Unsuspecting fingers fall victim to the blobs of chewing gum stuck under students’ desks  

Nicole Wu

Staff Writer

     On a Wednesday school morning, you plop down in the seat of your third period class, barely holding your eyes open. Still drowsy from pulling an all-nighter, you absentmindedly reach your hand under the desk. Your fingers meet a weird texture – stiff yet slightly sticky, and your nails sink halfway into the putty-like lump. That familiar feeling jolts you wide awake, and your eyes pop open in horror at what you touched. It’s even worse than wet food in the sink – it’s several wads of chewed gum that was sitting in someone’s mouth a couple minutes ago. Many of us have survived the nasty encounters with chewed gum stuck underneath desks, and it’s a frustrating situation for everyone at American.

     From Hubba Bubba to Wrigley’s, mint to strawberry, and cube-shaped to sticks, chewing gum is a popular habit among high school students. World History and US History teacher, Mr. Elam, shares his thoughts on why students chew gum in class. “I think gum chewing is a long-standing tradition for high school students, and I think it’s something that we do out of habit. I don’t think that there’s any big meaning to it other than it’s an addiction that some students develop, and it’s the only really healthyish one that you can do at that age,” he explains. 
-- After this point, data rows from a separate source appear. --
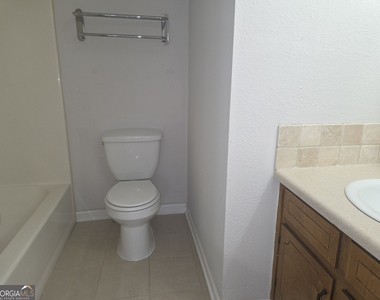 891 Park Place Ne - Photo Thumbnail 5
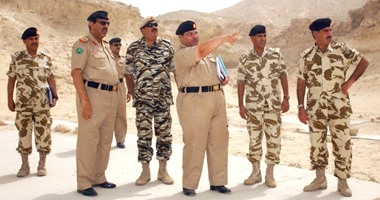 القائد العام لقوة دفاع البحرين ورئيس الأركان يتفقدان وحدة دفاعية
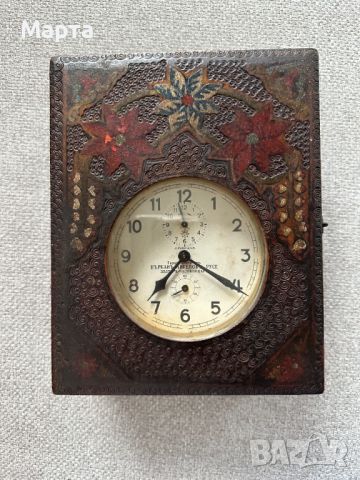Работещ автентичен часовник JUNGHANS с оригинална кутия, снимка 1 - Антикварни и старинни предмети - 45659217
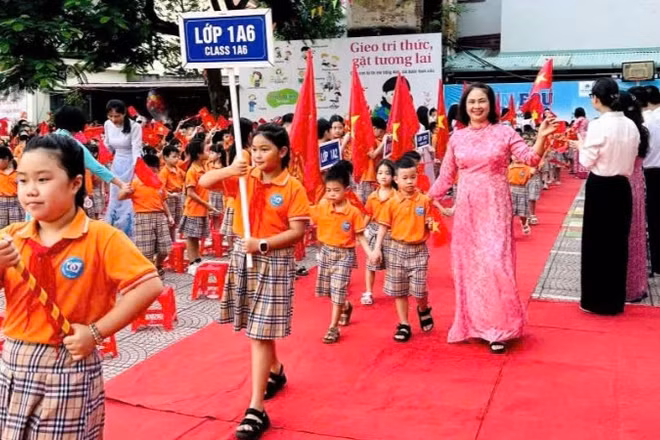 Chào đón học sinh lớp 1 tại Trường tiểu học Ninh Xá, Bắc Ninh.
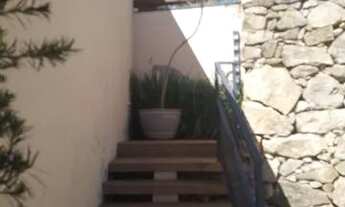 Imagem 2: Casa com 1 dormitório à venda, 40 m² , churrasqueira, condomínio com piscina, academia,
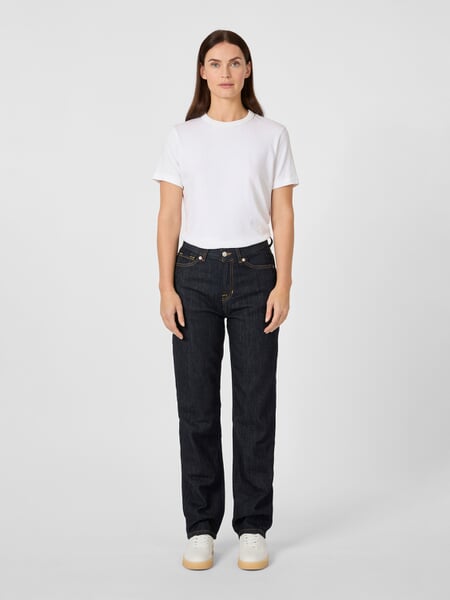 Jean droit pour femme Denim, présenté sur un modèle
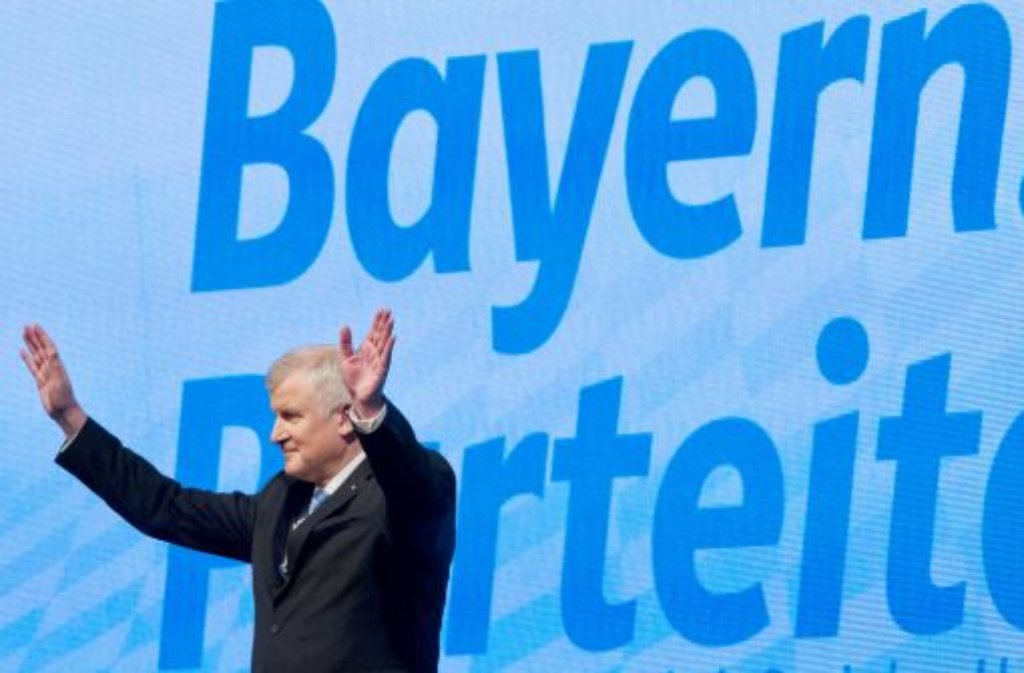 "Philipp Lahm hat sich diese Entscheidung reiflich überlegt. Wir alle sollten sie respektieren, auch wenn er der deutschen Nationalmannschaft fehlen wird - als Fußballer, als Kapitän und als Mensch. Er ist ein Vorbild für junge Menschen - im Sport und darüber hinaus." Bayerns Ministerpräsident Horst Seehofer (CSU).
     Tanvi Thomare (10) has a similar viewpoint and believes chewing gum helps trigger brain activity and makes you think better. “I think it stimulates the brain. It is something quite addictive that helps you get around the more boring parts of school because you have something to do other than fidget around. It helps stimulate the brain in a similar way that doing something else would but sitting down.” 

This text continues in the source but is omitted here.